# Spray bar or no spray bar for best CO2 distribution?



## Aeropars (6 Jul 2015)

Hi all,

This could have also gone in the filter section as well so tossed a coin and posted it in here 

I've struggled for some time with getting decent CO2 distribution and plant growth but having moved house and broke my old T8 lumaire in the move, I've done a bit of upgrading. Now its time to cure my issues once and for all.

I've set up the tank which is an old 180L Juwel (1 meter long) and its filtered by an Eheim Pro e3 2078 which is rated at 1850LPH. I've connect it up to the computer however and it says I'm getting about 900LPH. I've also got a Koralia 2800 as well which I have previously used. to boost the flow. I have pressureised CO2 with a bazooka atomizer under the inflow of the filter.

So, I set up the tank and switched on filter without a spray bar. I then attached the spray bar but it looked as thought it reduced the flow around the tank. Flow was still showing as the 900PLH so i can see that the actual throughput was around the same although i don't expect this to be 100% accurate.

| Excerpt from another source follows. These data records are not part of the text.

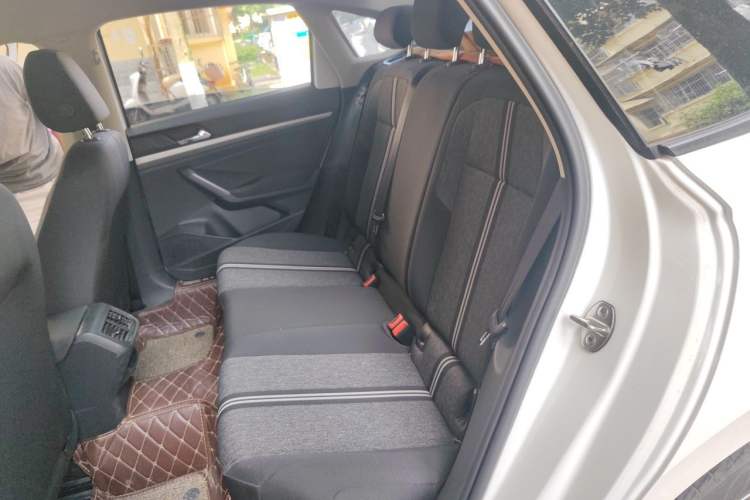 Used Volkswagen Lavida 2019 1.5L Automatic Fashion Edition China VI Left Rear Seat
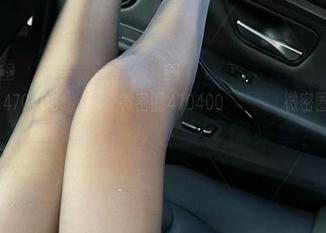 微密圈 – 解锁校园新姿势，“牛奶里的果汁”风格套图合集等你来拿！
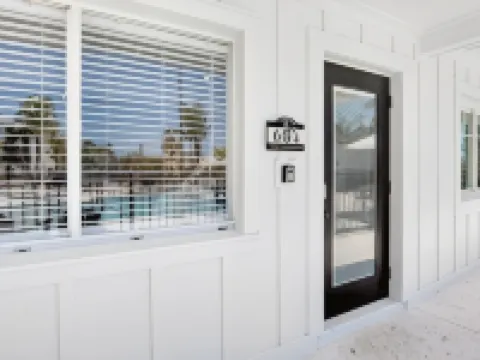 鵜鶘島帖子 佈雷登頓海灘酒店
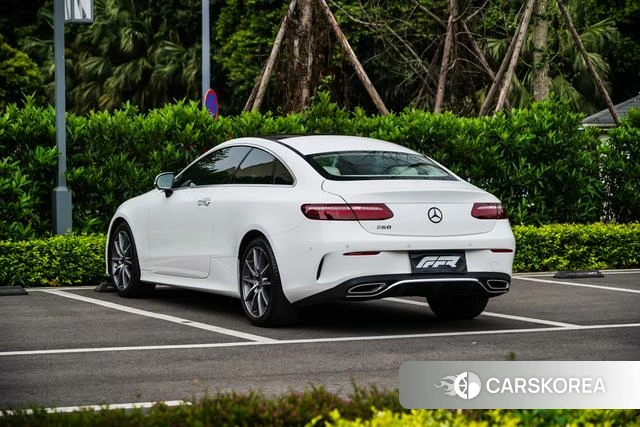 Mercedes-Benz E-class (imported) id 4274399 из Китая 32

Below is a picture of the tank with my start up plants in. I've got to put the Koralia in the tank (awaiting a spare part) but I don't know what would be the best configuration. Should I go without the spray bar and point the filter outlet and the Koralia in the same direction or should I use the spray bar? If so, where should I put the Koralia?

As a side note, the CO2 has been on for  around an hour and a half but the drop checker is still a pretty dark green.

Tank by Lee Parsons, on Flickr


----------



## Andy D (6 Jul 2015)

I would try the various methods - spraybar, spraybar with koralia, no spraybar and no spraybar with koralia - and run a pH profile each time. See which method gives you the biggest drop. This should also help evaluate whether you are injecting enough CO2.


----------



## Aeropars (6 Jul 2015)

Thanks for the reply. 

How do you guys test the PH these days? I had a PH controller about 9 years ago but binned it due tot he unstable CO2 it caused.


----------



## Vinkenoog1977 (6 Jul 2015)

For me, it's a bit of a case of what the situation requires. If you're using a diffusor, I'd use a spraybar for the best circulation of CO2, BUT I'd advise using 2, or more, diffusors, depending on the length of the tank, spaced equally underneath the spraybar, AND go for an oversized filter (aim for 12+ turnover instead of 10, or even less). If you're using an inline atomizer or an inline reactor, it doesn't really matter if you use a spraybar or a nozzle or a lily pipe, use whatever gives you the best flow (with still a preferred minimum of 8 times turnover).


----------



## Aeropars (6 Jul 2015)

Thanks for that. I do have another atomizer to put in the tank but I'm having an issue with the CO2 splitter so cant put that in yet.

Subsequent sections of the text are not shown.